UKC

Excel corrupts on saving, won't reopen

New Topic
This topic has been archived, and won't accept reply postings.
 Yanchik 10 Jun 2024

OK, long shot, but... might be worth it...

"We found a problem with some content... " ... "The workbook cannot be opened or repaired by Microsoft Excel because it is corrupt." Sometimes flashes up 10-15 repair attempts before failing. 

I have no idea what Excel thinks is corrupt. There are no macros. The content is primarily one pretty big table that goes out to lookups from other tables (lots of XLOOKUP, INDEX/MATCH) to bring back values and do some mild maths. Quite a lot of error-catching, IFERROR and suchlike to limit the inevitably divisions by zero. A couple of pivot tables so I can do quick error checking but not much. 

What's weird is...

The files are, by my standards, BIG. As xlsx they are about 500Mb, as xlsb about 330Mb. The big table is about 500K lines deep (but not very wide.) This problem began to appear a few weeks back and I had a couple of workarounds. Clearing the Excel cache seemed to work but now doesn't. Working on the logic while the big table was empty and then dropping in the data, saving an xlsb, xlsx version, that worked. 

I'm in trouble now though because the ~50Mb "empty" version is throwing the same error so my workaround isn't working. 

The files can be opened on Apple Macs, and they can be read by Tableau. So as I say, I don't think they're actually corrupt. But I don't have a clue how to proceed... of course, I have a few older versions, and they open, but my whole working method is kinda unreliable now. 

- Any thoughts what might be the problem ? Functions to avoid, things to look out for ? 

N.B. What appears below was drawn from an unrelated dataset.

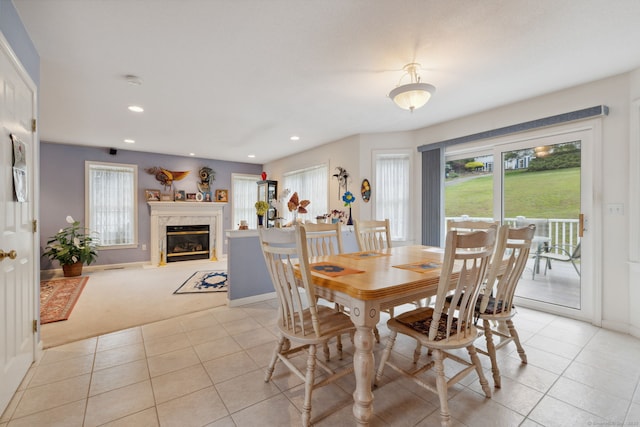63 Old Cider Mill Rd, Southington, CT 06489 - dining room featuring healthy amount of natural light, light carpet, light tile patterned flooring, a fireplace, and recessed lighting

- The empty version seems kinda bloated to me. There's really only a few tables in it; less than 12, none of them are deeper than 1,000 lines. Is there hidden cruft I should be trying to trim off ? 

- Best of all - how to open/recover my files and have a working method that... works... 

Yep, we're trying to move the whole thing to a Python environment sometime. Great, but I'm a subject matter person, not a coding/IT person, and I need to progress the job. 

Thanks in advance...

Y

 sandrow 10 Jun 2024
In reply to Yanchik:

You may have thousands of empty lines at the bottom of your sheets or columns to right - happens when you paste stuff in sometimes.

Go to 1st blank row at bottom of sheet then press CTRL-SHIFT-DOWN ARROW and hit delete.

Go to 1st blank column on right of sheet then press CTRL - SHIFT - RIGHT ARROW and hit delete

Then save as a new file name and see what happens.

OP Yanchik 10 Jun 2024
In reply to sandrow:

That's taken 10% off the size of the empty file... progress ! Thanks. 

Y

 wintertree 10 Jun 2024
In reply to Yanchik:

My god, what have you done?

I suggest splitting the spreadsheet up in a way that hopefully jettisons any bad state inside the data structures behind the spreadsheet that is probably causing the bug.  Wouldn’t surprise me if it’s related to saving a giant spreadsheet over and over.

1. Copy/paste the data table(s) into a clean spreadsheet ideally using “Paste as Values” to leave anything else behind.  Save as “data.xlsx” or whatever.  Or you could export it as a .csv file then import it in to a clean spreadsheet.

2. Create a second empty spreadsheet in the same folder called “logic.xlsx” or whatever.  Build your formulae here and when selecting cell ranges, switch over to the window for “data.xlsx” and select them.  Excel will reference the other spreadsheet.

Hopefully both will save fine, and you can keep saving logic.xlsx without churning the save on the big data file.  If one does fail to save, you’ve narrowed it down.

> Yep, we're trying to move the whole thing to a Python environment 

This is the way.  

> Great, but I'm a subject matter person, not a coding/IT person, and I need to progress the job. 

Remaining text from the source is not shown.